- Born: 13 September 1948 (age 77) London, England
- Spouses: ; Jane Mary Day ​(m. 1981⁠–⁠2021)​ ; Jennifer Jones ​(m. 2023)​
- Children: 2

Academic background
- Education: Christ's College, Cambridge (BA, MA, MPhil, PhD)
- Thesis: The Old Testament's Utilisation of Language and Imagery Having Parallels in the Baal Mythology of the Ugaritic Texts (1976)

Academic work
- Discipline: Biblical studies
- Sub-discipline: Old Testament studies
- Institutions: Lady Margaret Hall, Oxford

= John Day (biblical scholar) =

English Old Testament scholar

John Day (born 13 September 1948) is a British scholar of the Old Testament/Hebrew Bible. His research has focused on the relationship between ancient Israelite religion and Canaanite religion, the interpretation of Genesis 1–11, and a range of other topics in Old Testament studies.

== Education and academic career ==
John Day studied theology at Christ's College, Cambridge (1967–1970), concentrating on biblical studies. He graduated with a Bachelor of Arts in 1970, later proceeding to the Master of Arts degree in 1970-72 in accordance with Cambridge practice. He then completed postgraduate study at Cambridge (then known as Theology Part III, now the M.Phil.), specialising in the Old Testament, Biblical Hebrew, and Aramaic.

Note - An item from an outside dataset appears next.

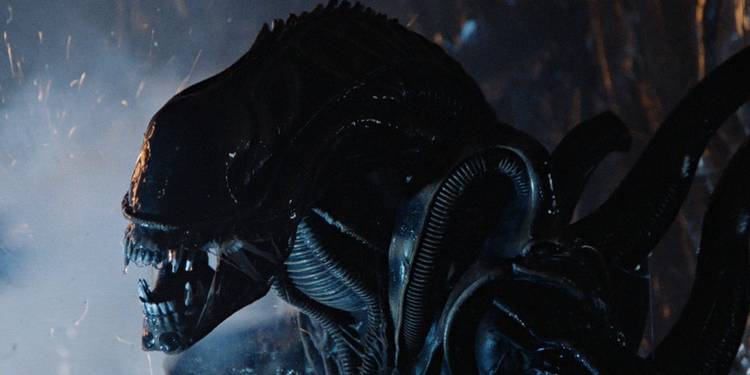 How Alien’s Creature Became Known as the Xenomorph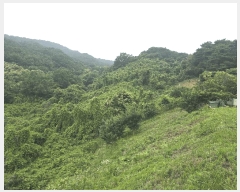  2025Ÿ��51387 ���� ����� ����� ���� ��147      ����(�Ӿ�)���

In 1972–1973 Day spent a year at the Hebrew University of Jerusalem as John Goodenday Fellow. He subsequently returned to Cambridge to undertake doctoral research on Baal mythology and the Old Testament, and was awarded the Ph.D. in 1977.

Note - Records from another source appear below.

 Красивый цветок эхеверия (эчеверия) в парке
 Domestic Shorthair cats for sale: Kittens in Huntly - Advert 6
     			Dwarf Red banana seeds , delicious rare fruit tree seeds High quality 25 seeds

From 1977 to 1980 he was Research Fellow in Arts at the University of Durham. In 1980 he was appointed to a permanent post at the University of Oxford, combining a university lectureship with a Fellowship and Tutorship in Theology (Old Testament) at Lady Margaret Hall, Oxford. He was promoted to Reader in 1996 and to Professor of Old Testament Studies in 2004. He retired in 2013 and was appointed Emeritus Professor of Old Testament Studies and Emeritus Fellow of Lady Margaret Hall.

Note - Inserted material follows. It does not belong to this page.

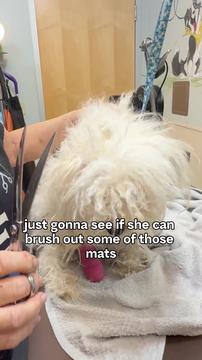 Trapped in Her Own Fur: The Ultimate Makeover for a Dog in Pain!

During his academic career, Day received a number of honours, including the Dahood Memorial Prize (1984), awarded by the Society of Biblical Literature and Doubleday for an essay on the goddess Asherah; a British Academy Senior Research Fellowship (1995–1996); the Oxford degree of Doctor of Divinity (D.D.) in 2003; and election as President of the Society for Old Testament Study in 2014. In 2026 a Festschrift, Religion in Ancient Israel: Essays in Honour of John Day, edited by Katherine E. Southwood, Stuart Weeks, and H. G. M. Williamson, was published to mark his contribution to Old Testament scholarship.

== Research ==

=== Canaanite religion and the Old Testament ===
In his early work, Day examined the interaction between the religion and mythology of ancient Israel and that of Canaan. His publications from this period include studies of mythological motifs, divine figures, and cultic practices reflected in biblical texts. Major works include God’s Conflict with the Dragon and the Sea, Molech: A God of Human Sacrifice in the Old Testament, and Yahweh and the Gods and Goddesses of Canaan. He also published an award-winning essay on the goddess Asherah and her cult symbol.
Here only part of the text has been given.